In the second part of our two-part series on converting DTMF applications to use speech recognition, we will look at a few types of speech applications, how to work with text to speech applications, and some considerations in building grammars.
This type of application uses open-ended question. For example, "Hi, thanks for calling company X, what would you like to do?" This type of question has manypossible responses. A user would interact with the application naturally and say what they would like. The danger of natural language is that the number of natural responses is much, much higher then the developers had realized in advance. What occurs then is that a developer would have to account for so many responses that the application tends to be more difficult to develop. Natural language is good for the user in that it is nicer and easier and to use, but if the developer fails to account for a user's response it suddenly becomes less useable. Generally accuracy is a little lower with Natural Language, because there are larger grammars that mean a greater chance for mistakes. Many times instead of a natural language application, we recommend a directed dialog application.

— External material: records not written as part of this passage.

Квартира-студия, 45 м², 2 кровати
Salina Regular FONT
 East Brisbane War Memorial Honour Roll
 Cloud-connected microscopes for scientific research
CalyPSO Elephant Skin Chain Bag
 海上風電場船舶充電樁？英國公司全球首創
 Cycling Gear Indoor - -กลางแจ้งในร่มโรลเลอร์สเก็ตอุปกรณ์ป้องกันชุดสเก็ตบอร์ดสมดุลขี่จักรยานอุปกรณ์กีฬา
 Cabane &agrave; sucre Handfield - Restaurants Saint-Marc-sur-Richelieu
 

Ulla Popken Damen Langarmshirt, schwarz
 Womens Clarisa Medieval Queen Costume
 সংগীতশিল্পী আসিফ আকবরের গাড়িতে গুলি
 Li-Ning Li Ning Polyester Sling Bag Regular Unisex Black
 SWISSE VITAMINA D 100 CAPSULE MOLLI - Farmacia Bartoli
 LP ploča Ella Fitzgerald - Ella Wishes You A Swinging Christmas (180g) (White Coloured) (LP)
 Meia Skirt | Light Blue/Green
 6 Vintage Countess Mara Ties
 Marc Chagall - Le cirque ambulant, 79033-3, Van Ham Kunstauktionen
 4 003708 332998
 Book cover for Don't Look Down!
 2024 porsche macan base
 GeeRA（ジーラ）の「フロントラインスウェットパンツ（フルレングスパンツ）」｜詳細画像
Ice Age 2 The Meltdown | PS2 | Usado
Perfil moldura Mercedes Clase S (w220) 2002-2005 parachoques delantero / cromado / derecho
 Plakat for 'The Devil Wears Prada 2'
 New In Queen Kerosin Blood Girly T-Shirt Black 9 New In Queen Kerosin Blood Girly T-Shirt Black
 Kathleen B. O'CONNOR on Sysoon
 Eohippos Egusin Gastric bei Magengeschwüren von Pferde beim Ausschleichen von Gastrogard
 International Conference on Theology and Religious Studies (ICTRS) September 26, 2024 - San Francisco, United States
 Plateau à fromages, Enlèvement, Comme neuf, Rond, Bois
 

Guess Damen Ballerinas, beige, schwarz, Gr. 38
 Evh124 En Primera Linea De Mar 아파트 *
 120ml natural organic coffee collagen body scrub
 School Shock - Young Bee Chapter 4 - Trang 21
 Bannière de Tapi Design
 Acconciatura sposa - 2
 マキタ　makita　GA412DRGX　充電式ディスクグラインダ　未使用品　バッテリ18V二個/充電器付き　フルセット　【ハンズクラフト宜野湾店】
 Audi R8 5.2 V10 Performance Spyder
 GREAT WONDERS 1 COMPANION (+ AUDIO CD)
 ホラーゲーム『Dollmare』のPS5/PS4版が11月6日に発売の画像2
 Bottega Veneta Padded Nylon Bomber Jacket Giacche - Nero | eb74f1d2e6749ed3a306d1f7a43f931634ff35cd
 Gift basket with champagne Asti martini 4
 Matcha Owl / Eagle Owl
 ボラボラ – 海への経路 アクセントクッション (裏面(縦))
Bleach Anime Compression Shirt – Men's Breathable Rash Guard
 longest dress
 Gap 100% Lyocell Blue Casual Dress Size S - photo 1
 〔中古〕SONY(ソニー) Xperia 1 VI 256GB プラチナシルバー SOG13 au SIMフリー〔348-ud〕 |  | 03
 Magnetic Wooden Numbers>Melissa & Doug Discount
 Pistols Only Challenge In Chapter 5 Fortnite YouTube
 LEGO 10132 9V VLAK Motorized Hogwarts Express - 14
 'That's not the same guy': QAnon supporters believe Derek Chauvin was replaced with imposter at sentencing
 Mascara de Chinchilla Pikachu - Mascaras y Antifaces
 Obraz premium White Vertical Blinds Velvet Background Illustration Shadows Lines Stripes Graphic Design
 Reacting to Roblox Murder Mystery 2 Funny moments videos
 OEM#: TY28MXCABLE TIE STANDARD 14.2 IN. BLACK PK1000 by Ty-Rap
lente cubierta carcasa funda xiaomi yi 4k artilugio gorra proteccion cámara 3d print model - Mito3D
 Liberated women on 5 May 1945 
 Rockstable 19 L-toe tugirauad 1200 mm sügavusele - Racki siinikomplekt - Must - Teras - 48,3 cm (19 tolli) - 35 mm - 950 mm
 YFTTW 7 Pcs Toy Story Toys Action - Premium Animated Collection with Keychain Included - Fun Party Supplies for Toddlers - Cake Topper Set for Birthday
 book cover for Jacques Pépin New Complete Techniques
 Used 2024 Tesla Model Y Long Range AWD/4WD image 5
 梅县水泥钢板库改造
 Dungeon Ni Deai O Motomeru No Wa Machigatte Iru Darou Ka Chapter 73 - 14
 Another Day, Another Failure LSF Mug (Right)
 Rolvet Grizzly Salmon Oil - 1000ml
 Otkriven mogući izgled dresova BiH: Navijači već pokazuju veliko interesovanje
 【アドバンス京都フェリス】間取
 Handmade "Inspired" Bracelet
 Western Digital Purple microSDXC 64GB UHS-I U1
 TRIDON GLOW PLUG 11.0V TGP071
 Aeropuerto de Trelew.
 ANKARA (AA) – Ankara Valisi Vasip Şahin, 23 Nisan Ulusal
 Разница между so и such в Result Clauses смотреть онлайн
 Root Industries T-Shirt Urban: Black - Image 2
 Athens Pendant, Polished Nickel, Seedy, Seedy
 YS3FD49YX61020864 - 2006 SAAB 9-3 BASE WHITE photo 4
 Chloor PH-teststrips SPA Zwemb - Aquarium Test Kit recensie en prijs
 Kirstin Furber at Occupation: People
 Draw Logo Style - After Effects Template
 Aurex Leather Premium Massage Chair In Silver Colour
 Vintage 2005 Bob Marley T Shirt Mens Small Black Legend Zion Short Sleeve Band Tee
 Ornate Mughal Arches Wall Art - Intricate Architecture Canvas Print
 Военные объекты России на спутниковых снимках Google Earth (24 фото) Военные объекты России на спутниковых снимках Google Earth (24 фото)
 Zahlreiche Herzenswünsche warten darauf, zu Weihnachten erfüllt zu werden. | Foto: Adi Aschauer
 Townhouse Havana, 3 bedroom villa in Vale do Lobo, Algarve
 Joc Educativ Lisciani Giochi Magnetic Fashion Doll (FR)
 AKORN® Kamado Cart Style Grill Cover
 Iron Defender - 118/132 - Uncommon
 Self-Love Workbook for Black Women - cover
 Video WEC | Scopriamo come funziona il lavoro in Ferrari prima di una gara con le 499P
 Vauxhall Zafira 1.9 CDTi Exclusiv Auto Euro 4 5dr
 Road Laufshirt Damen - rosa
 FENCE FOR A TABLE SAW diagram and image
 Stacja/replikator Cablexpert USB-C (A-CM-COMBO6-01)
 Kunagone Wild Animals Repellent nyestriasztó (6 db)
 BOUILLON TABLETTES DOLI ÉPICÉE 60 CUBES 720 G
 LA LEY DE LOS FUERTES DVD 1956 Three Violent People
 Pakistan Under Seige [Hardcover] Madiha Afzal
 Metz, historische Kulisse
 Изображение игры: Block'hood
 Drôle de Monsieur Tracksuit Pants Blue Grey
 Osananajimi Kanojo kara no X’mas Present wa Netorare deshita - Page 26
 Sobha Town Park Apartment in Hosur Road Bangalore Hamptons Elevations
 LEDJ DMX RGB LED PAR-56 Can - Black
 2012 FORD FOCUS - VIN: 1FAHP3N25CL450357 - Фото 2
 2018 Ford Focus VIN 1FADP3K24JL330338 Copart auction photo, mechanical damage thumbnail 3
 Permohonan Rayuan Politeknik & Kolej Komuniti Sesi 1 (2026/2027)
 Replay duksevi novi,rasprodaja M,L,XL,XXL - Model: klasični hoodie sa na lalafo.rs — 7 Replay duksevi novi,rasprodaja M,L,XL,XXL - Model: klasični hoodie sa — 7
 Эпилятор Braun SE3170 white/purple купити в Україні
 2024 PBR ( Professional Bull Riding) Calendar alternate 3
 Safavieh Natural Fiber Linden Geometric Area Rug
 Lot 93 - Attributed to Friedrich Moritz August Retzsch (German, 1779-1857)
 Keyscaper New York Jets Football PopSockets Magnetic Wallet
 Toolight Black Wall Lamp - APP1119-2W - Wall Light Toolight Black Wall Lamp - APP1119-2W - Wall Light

Ask the user specific questions and provide guidelines as to what they should say. So instead of asking, "What you like to do?" we would instead say, "Hi and thanks for calling Bank X, would you like information regarding your checking account, savings account or to make a transfer?" The user may then respond, "Checking account," or "Access my savings account," or "Make a transfer." We have directed the user to say what we want to hear, and the number of responses has become much narrower. This means that the application has become easier to build, develop and test. Also, accuracy increases which makes it easier on everyone involved. This is why directed dialog is what we recommend, especially if you're new to speech application development.
is a very important part of directed dialog. You may want to avoid prompts such as "For checking, say checking." This type of dialog is a holdover from the DTMF days. Instead, simply tell your callers that they can access their checking account and they will figure it out. Or a prompt that says, "Tell me what you would like to do: you may access checking, savings?" The user can figure out that saying "access checking" will get them to where they would like to be. Prompts, when done well, should give the user a mental model as to how the application works.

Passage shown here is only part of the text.